Listed entries START

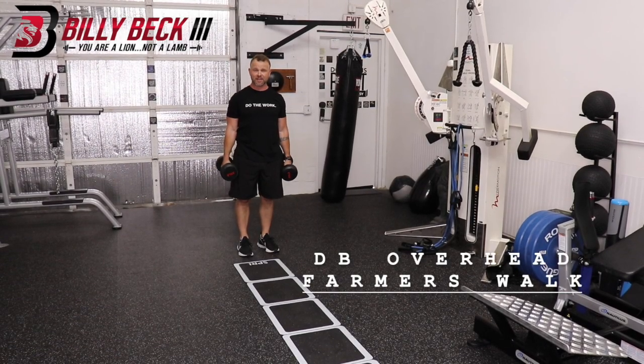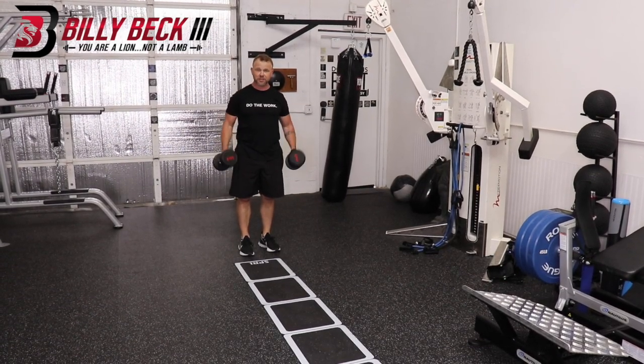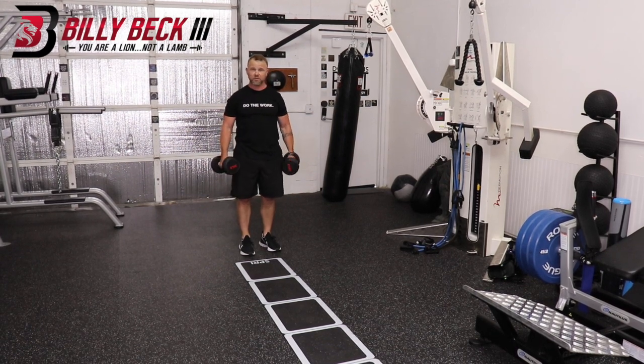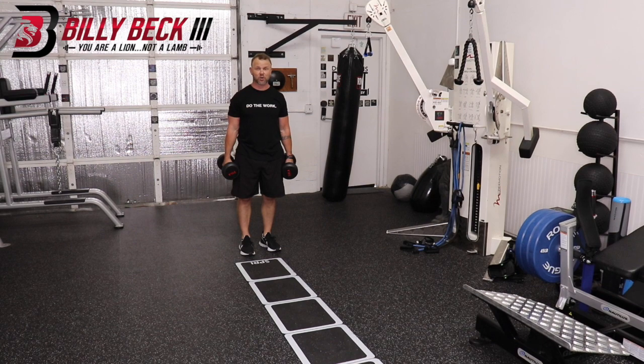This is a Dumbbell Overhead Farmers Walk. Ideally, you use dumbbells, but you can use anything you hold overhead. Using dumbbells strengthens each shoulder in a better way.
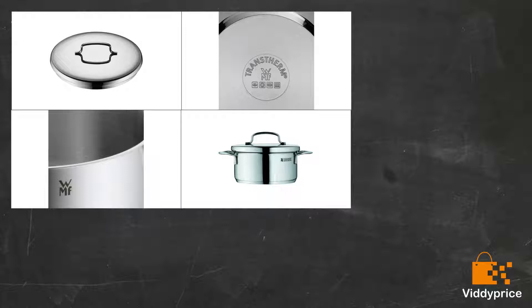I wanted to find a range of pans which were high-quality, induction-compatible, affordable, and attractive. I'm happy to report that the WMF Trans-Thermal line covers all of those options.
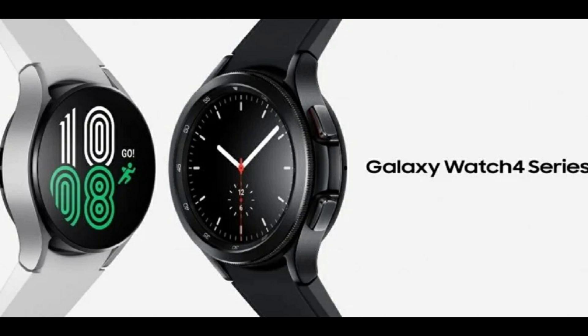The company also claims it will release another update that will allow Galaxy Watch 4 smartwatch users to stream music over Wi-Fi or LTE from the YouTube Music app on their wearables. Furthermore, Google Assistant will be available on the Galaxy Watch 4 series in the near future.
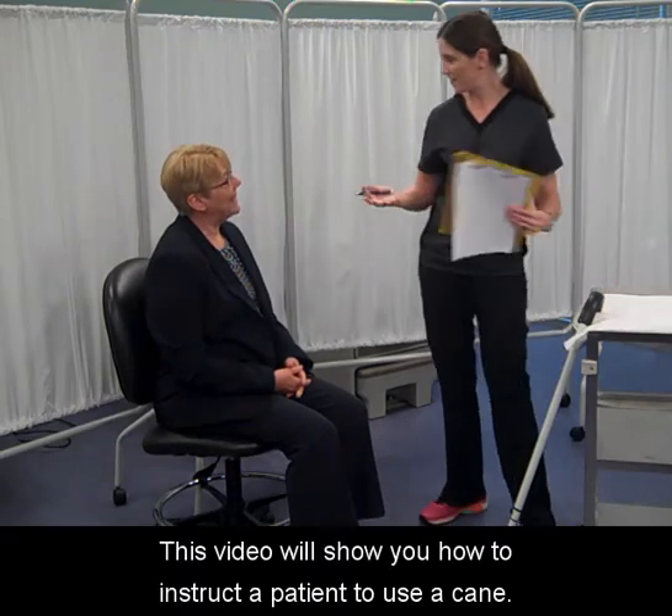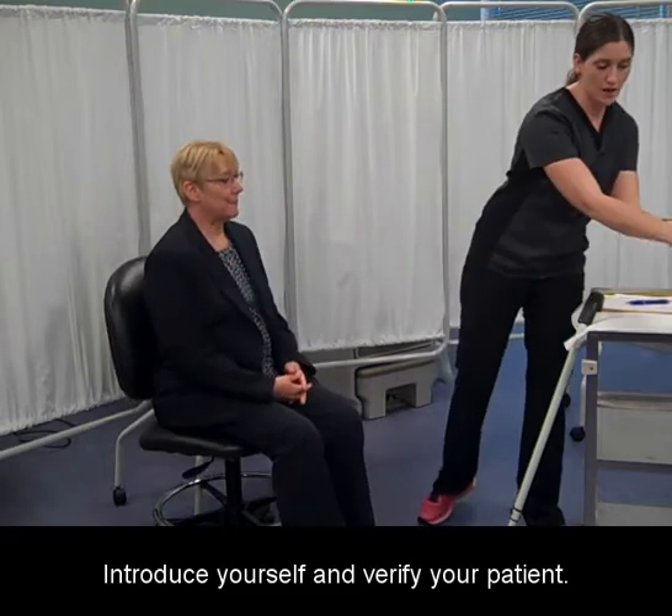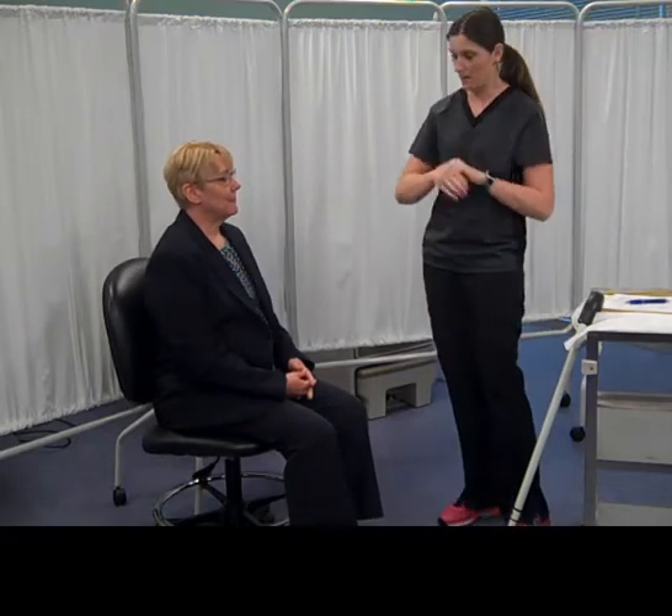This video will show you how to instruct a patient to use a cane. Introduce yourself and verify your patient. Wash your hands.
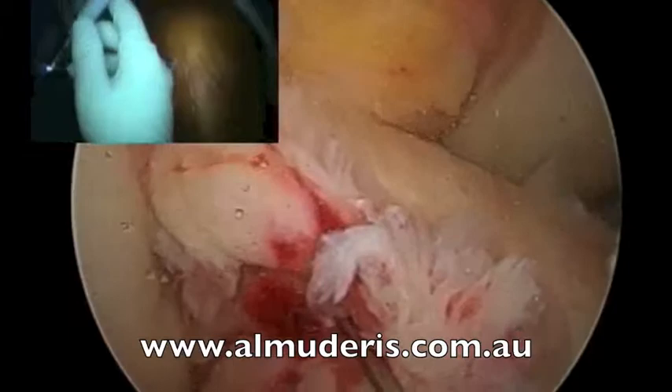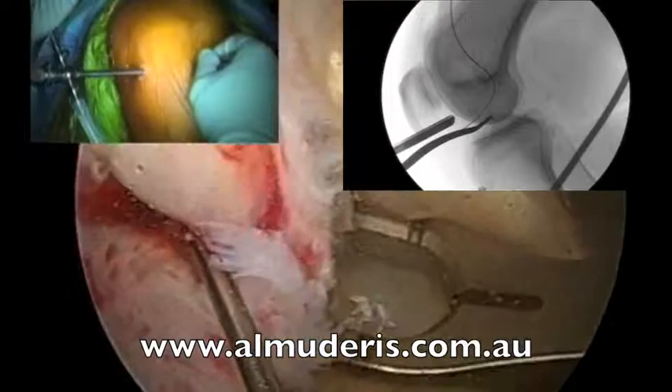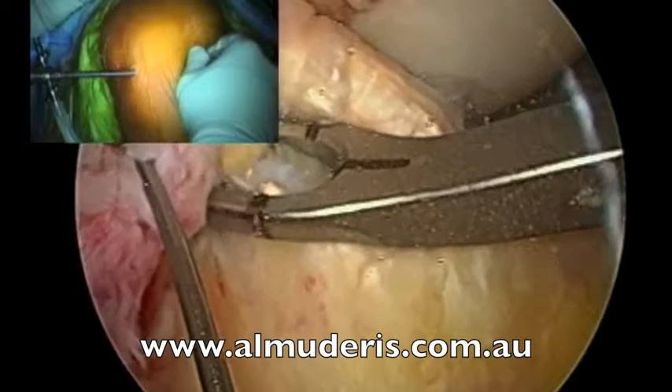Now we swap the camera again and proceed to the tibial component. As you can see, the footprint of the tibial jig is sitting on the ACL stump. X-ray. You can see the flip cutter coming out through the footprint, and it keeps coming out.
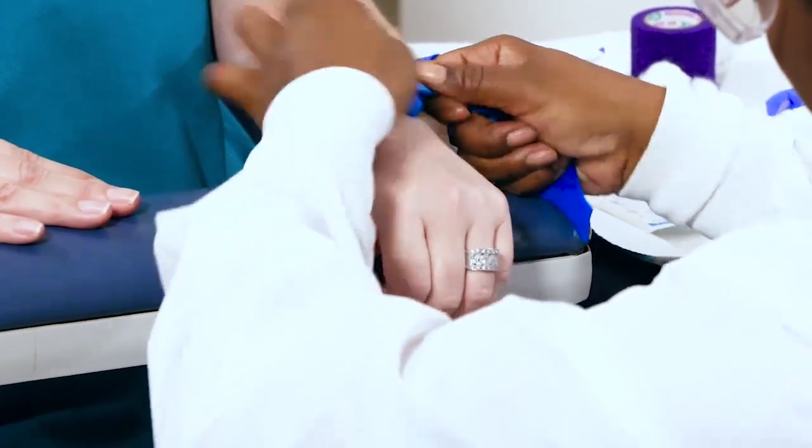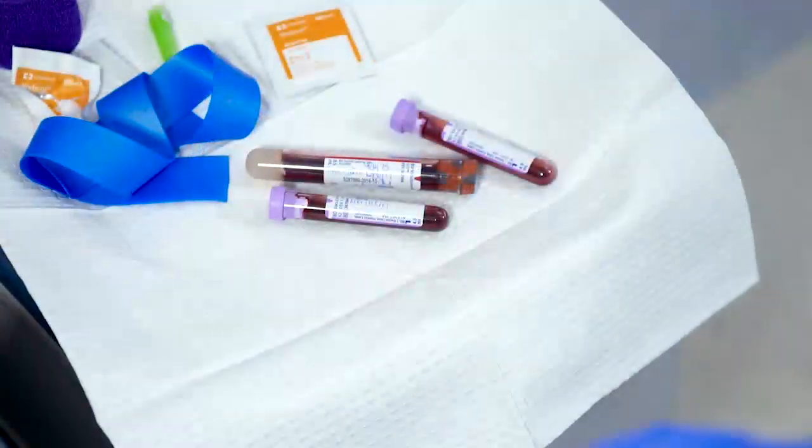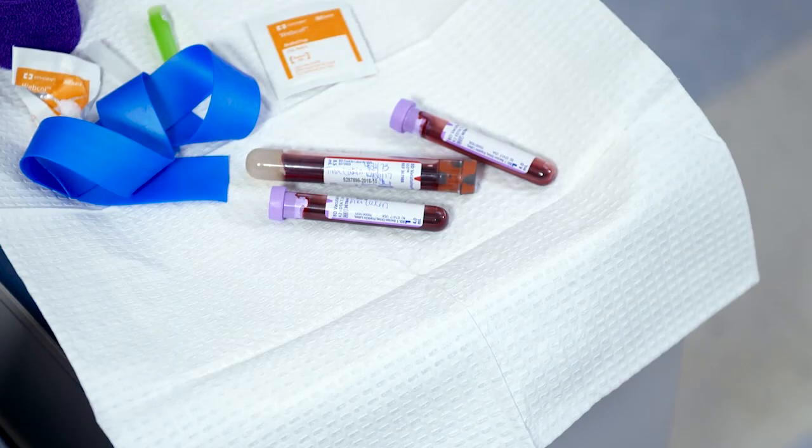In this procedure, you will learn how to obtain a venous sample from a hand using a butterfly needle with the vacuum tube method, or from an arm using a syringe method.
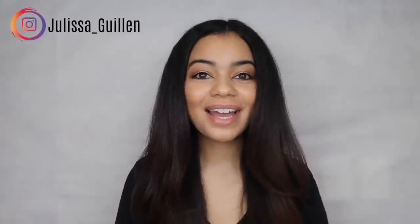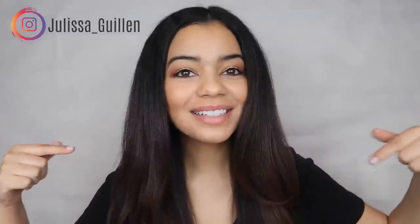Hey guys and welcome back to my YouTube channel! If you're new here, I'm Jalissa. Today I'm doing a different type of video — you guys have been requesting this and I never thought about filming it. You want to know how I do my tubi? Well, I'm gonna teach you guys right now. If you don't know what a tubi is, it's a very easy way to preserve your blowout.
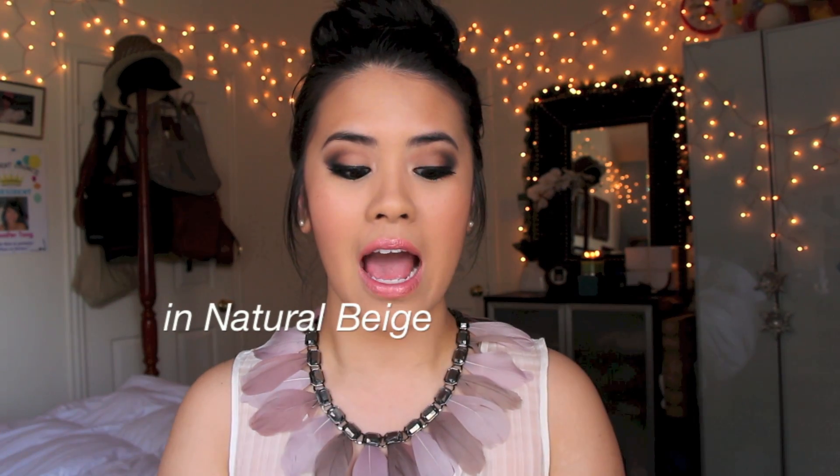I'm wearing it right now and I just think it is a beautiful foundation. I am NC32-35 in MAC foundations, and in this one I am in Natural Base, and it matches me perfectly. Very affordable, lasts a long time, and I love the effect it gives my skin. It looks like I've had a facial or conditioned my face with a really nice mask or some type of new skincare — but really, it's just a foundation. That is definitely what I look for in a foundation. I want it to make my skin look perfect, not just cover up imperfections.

Listed entries END

- [What to do]
Please give the entries again word for word, without any pictures.

- [Written reply]
This is a Dumbbell Overhead Farmers Walk. Ideally, you use dumbbells, but you can use anything you hold overhead. Using dumbbells strengthens each shoulder in a better way.
I wanted to find a range of pans which were high-quality, induction-compatible, affordable, and attractive. I'm happy to report that the WMF Trans-Thermal line covers all of those options.
The company also claims it will release another update that will allow Galaxy Watch 4 smartwatch users to stream music over Wi-Fi or LTE from the YouTube Music app on their wearables. Furthermore, Google Assistant will be available on the Galaxy Watch 4 series in the near future.
This video will show you how to instruct a patient to use a cane. Introduce yourself and verify your patient. Wash your hands.
Now we swap the camera again and proceed to the tibial component. As you can see, the footprint of the tibial jig is sitting on the ACL stump. X-ray. You can see the flip cutter coming out through the footprint, and it keeps coming out.
In this procedure, you will learn how to obtain a venous sample from a hand using a butterfly needle with the vacuum tube method, or from an arm using a syringe method.
Hey guys and welcome back to my YouTube channel! If you're new here, I'm Jalissa. Today I'm doing a different type of video — you guys have been requesting this and I never thought about filming it. You want to know how I do my tubi? Well, I'm gonna teach you guys right now. If you don't know what a tubi is, it's a very easy way to preserve your blowout.
I'm wearing it right now and I just think it is a beautiful foundation. I am NC32-35 in MAC foundations, and in this one I am in Natural Base, and it matches me perfectly. Very affordable, lasts a long time, and I love the effect it gives my skin. It looks like I've had a facial or conditioned my face with a really nice mask or some type of new skincare — but really, it's just a foundation. That is definitely what I look for in a foundation. I want it to make my skin look perfect, not just cover up imperfections.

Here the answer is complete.